If they were where and when she intended the viewer to land, that volcano might explode at any time.
Panic threatened again but Katherine tamped it down. It might not be the Thera volcano. They could be anywhere that had a volcano, Vesuvius in Italy or even Kilauea in Hawaii, neither of which was due to explode.
Too bad the simplest, most obvious explanation is most likely the true one.
She closed her eyes for a moment. Worrying wasn’t going to help. If the volcano erupted in the next ten minutes, there wasn’t a thing she could do about it.
Back to practicalities.
Her gaze wandered to the Viking again. Her first instinct was to push him off the grass, but if they weren’t in the same place they picked him up…
No, better to leave him on the grass. Once they were back in the lab she’d be able to figure out the precise time and place where he came from and find a way to get him back.

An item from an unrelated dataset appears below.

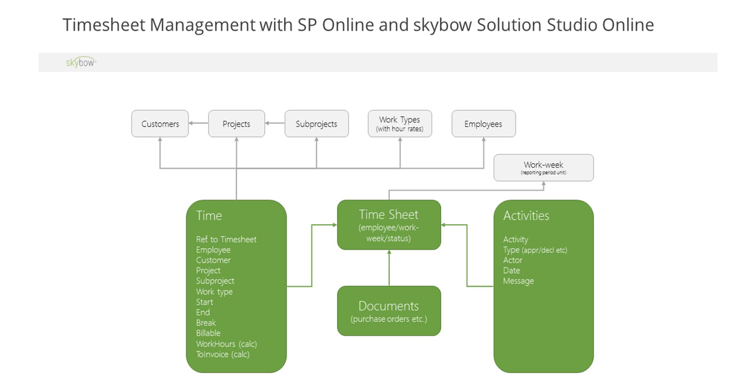We all know the situation, your data is in SharePoint, but those are just lists, libraries, content types, lookup fields. This is our timesheet data right here. We have customers, projects and sub-projects, work types, employees and timesheets. But that is about everything we have. User interaction, data processing, reporting, all that is just not there with SharePoint.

She couldn’t leave him stranded in a place he might not belong.
But she wasn’t about to leave him armed.
The hilt of his sword was clasped in his hand, but it slid with ease from his lax fingers. A knife? Yes, there, on his belt, but trapped under his body. No matter how she pushed or pulled, she wasn’t able to budge him or even tilt his body to get at it. She had the sword so hopefully her possession of it would give her time to communicate with him, to make him understand she wasn’t his enemy.
Calmer now that she had a plan, flimsy as it was, Katherine retreated to the far edge of the grass circle and dragged the sword behind her. What next? Inventory.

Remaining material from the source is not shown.